Pouco confortável camarada, pouco confortável.

Sei que passaste pior, em mais duras condições e, ainda por cima a isso não estavas habituado. Mas suportavas. Eu e os meus camaradas fomo-nos habituando. Aguçamos o engenho e a arte. Tínhamos roupeiros, paióis pequenos e outros locais de arrumação. Simples… escavávamos um buraco, nas paredes, em terra, dos abrigos e lá metíamos, de roupa a munições e diversos. Casa de banho e sanita a mais perto era em Bambadinca, a sede do batalhão para o qual trabalhávamos. Isto nas Tabancas e na sede da companhia… eu conto:

Em Mansambo, quando construíamos o aquartelamento (oito abrigos e anexos) recebíamos o material por colunas auto. Um dia, junto ao material veio um engenheiro. O Capitão mandou-me chamar. Lá fui contrariado. Descansava recuperando de uma emboscada ou patrulha do dia ou noite anterior.

Eu sei que sabes camarada, eu sei que sabes que é chato estar uma noite à espera e nada. Aparecem mosquitos, macacos e do In. Nada!

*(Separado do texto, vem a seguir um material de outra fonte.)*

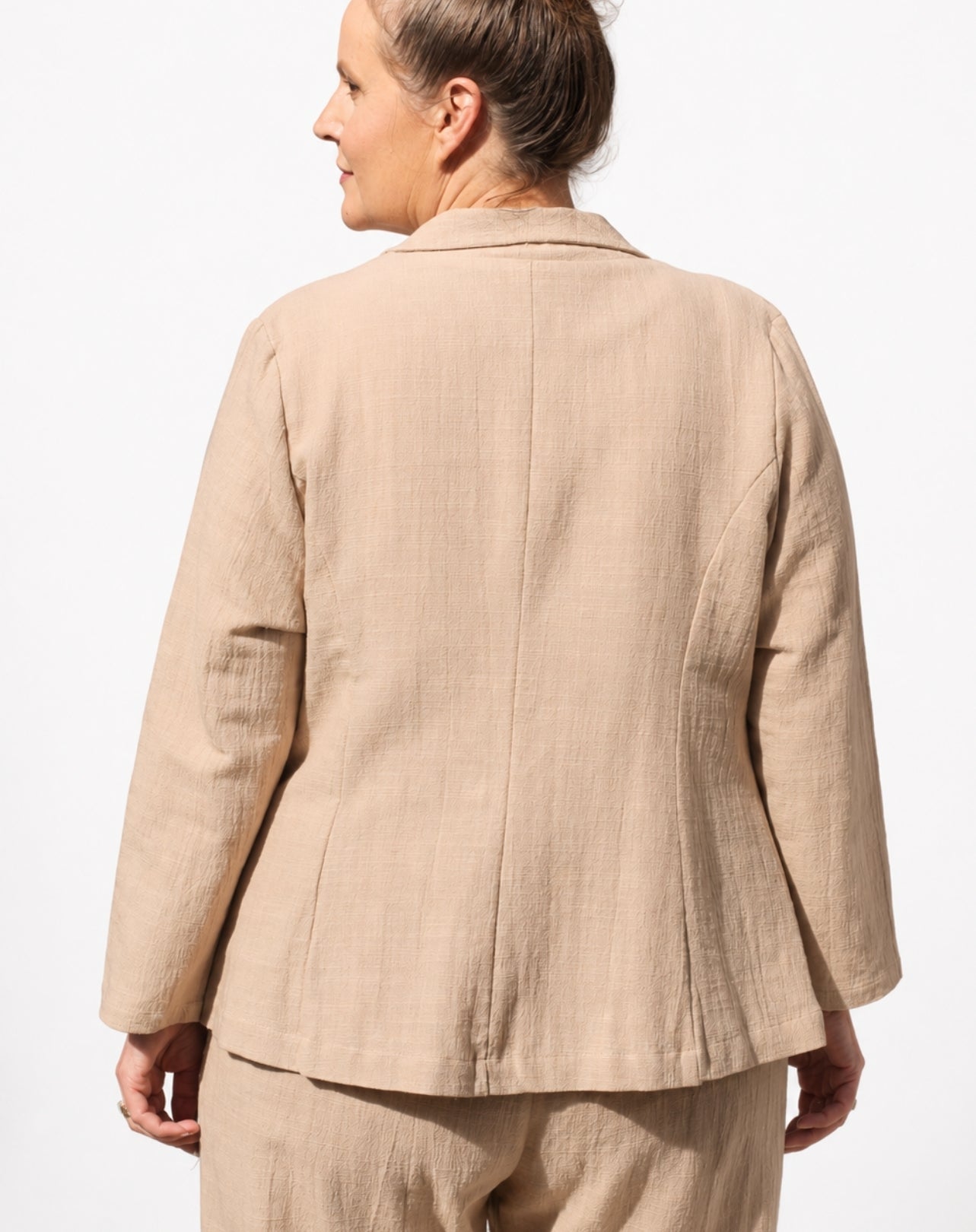 A woman shown from the back wearing a light beige linen blazer and matching trousers against a plain white background.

Falei com o engenheiro e vi os papéis. Trazia o projecto de instalações higieno-sanitárias; casas de banho, sanitários e complementos. Se fosse hoje talvez tivesse hidromassagem. Mas tinha tratamento de efluentes. Era de tal maneira eficaz que quase se podia beber água depois de tratada. Do género mija aqui e bebe acolá. Nós tínhamos uns bidões ligados em série e, por debaixo estavam os duches. A água, de lá saída regava uma minúscula horta. Tinha um contra, a bateria de bidões nos ataques, invariavelmente era furada…tapavam-se os buracos a capim e alcatrão. Sanitas também não tínhamos. Três valas em paralelo e duas tábuas e uma pá por vala. Prático, eficaz e pouca privacidade.

Estás a ver camarada, estás a ver. Um tipo punha os pés na tábua e…

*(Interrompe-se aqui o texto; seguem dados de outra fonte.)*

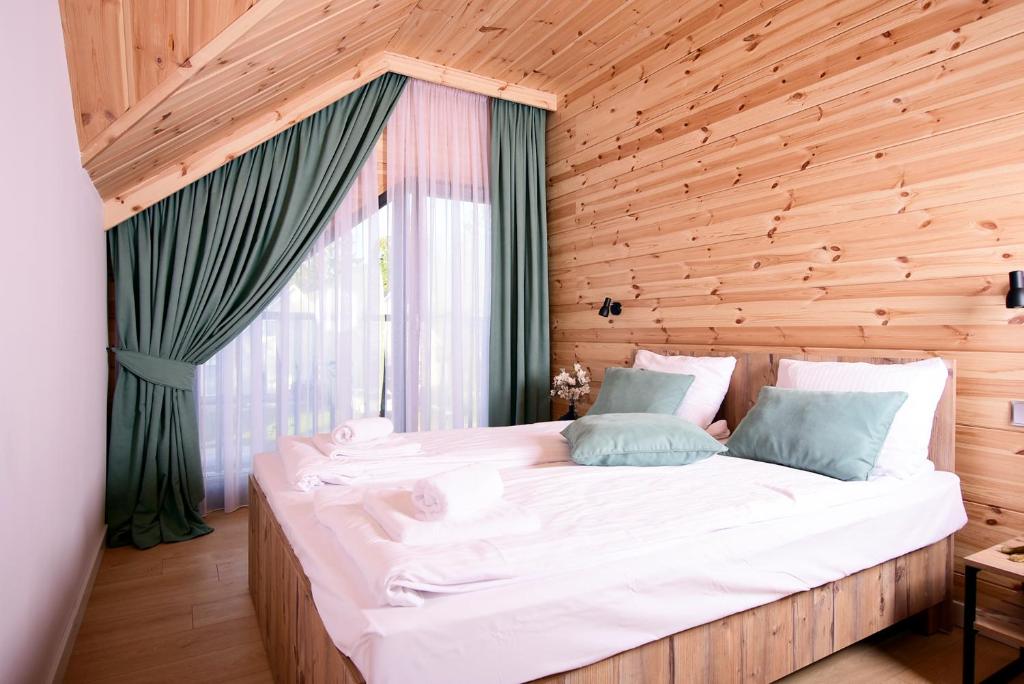 Cette chambre en bois comprend un grand lit et une fenêtre. dans l'établissement Apartamenty Naturapart, à Dziwnów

Não se recusou, directamente, o projecto do engenheiro. Que sim… se tivéssemos dificuldades diríamos. Foi-se o engenheiro no dia seguinte e, por azar, sofreu uma emboscada ali perto. Lá fomos tentar ajudar. Estava sentado, um olhar triste e disse-me: - "Saio pouco mas, quando saio acontece quase sempre isto". Azarado o engenheiro. Arrumado o assunto da emboscada, lá foi o pelotão e o engenheiro. O projecto não me lembro o destino que levou. Nunca foi concretizado.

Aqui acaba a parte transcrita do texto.